Of hij het zijn publiek niet erg lastig maakt door steeds van die uiterst gevarieerde concertavonden samen te stellen? Paul van Kemenade, programmator en organisator van Stranger Than Paranoia,  vond van niet. Integendeel, want volgens Van Kemenade komt het publiek net voor die verrassingen. Zoals wel vaker in deze materie kreeg de saxofonist gelijk: met meer dan 150 bezoekers zat en bleef Paradox aardig vol gedurende de drie concerten.

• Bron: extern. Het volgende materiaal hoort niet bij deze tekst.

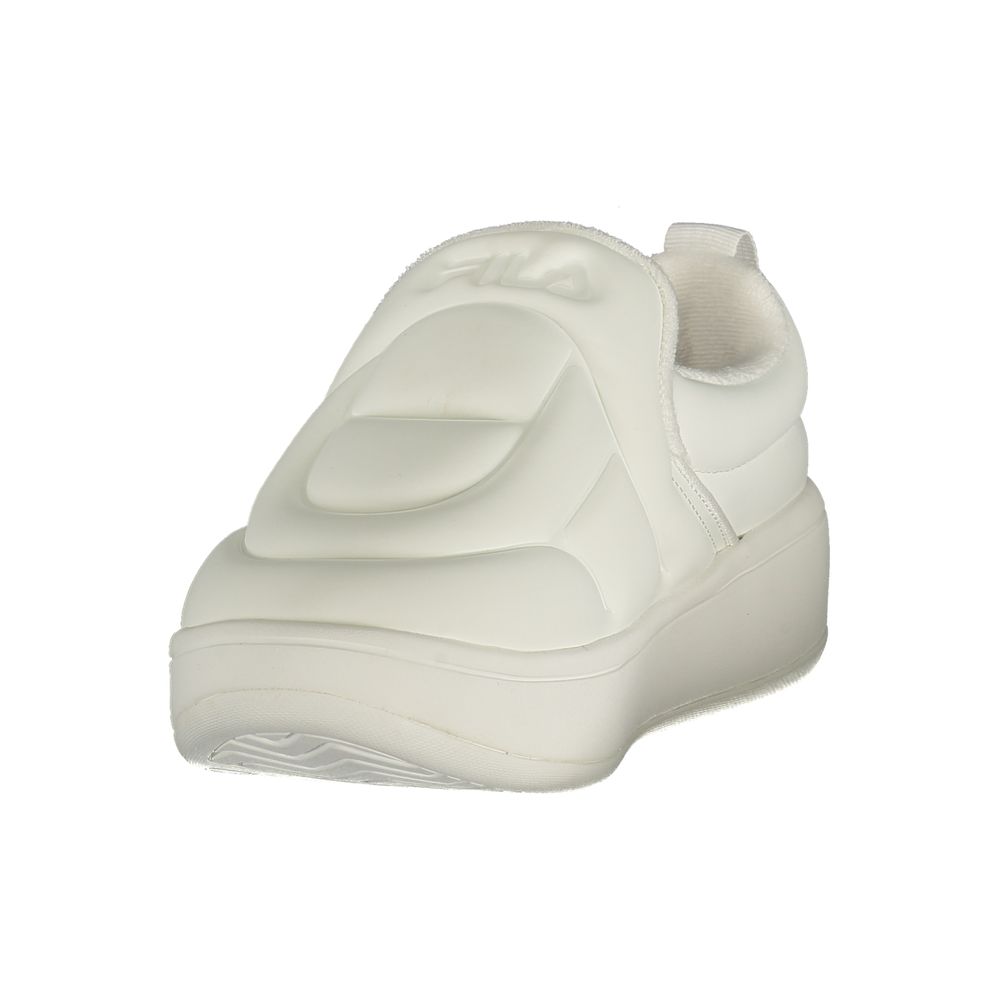 White Fila slip-on sneaker for women, featuring a puffed, quilted polyester upper and a thick platform sole.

Een mens moet het natuurlijk niet te ver drijven en dus werd het de meest veeleisende band vooraan geplaatst. Veeleisend voor het publiek, want het Estse Free Tallinn Trio kwam niet af met een rugzak vol composities of songs. Zangeres Anne-Liis Poll, pianist Anto Pett en gitarist Jaak Sooäär zweren bij vrije improvisatie: geen afspraken en zelfs geen noemenswaardige oefensessies.

Misschien hebben de drie dat in het geheel ook niet nodig, want de manier waarop ze in Paradox communiceerden was, net als op hun laatste cd ‘A Tale’ (Leo Records, 2009), bij momenten verbluffend. De kleinste hint van een van hen is voldoende om de neuzen in dezelfde richting te krijgen. Een ritmische figuur, een melodische beweging, een kleur in het geluid of een sfeer, alles kan als richtingaanwijzer dienen.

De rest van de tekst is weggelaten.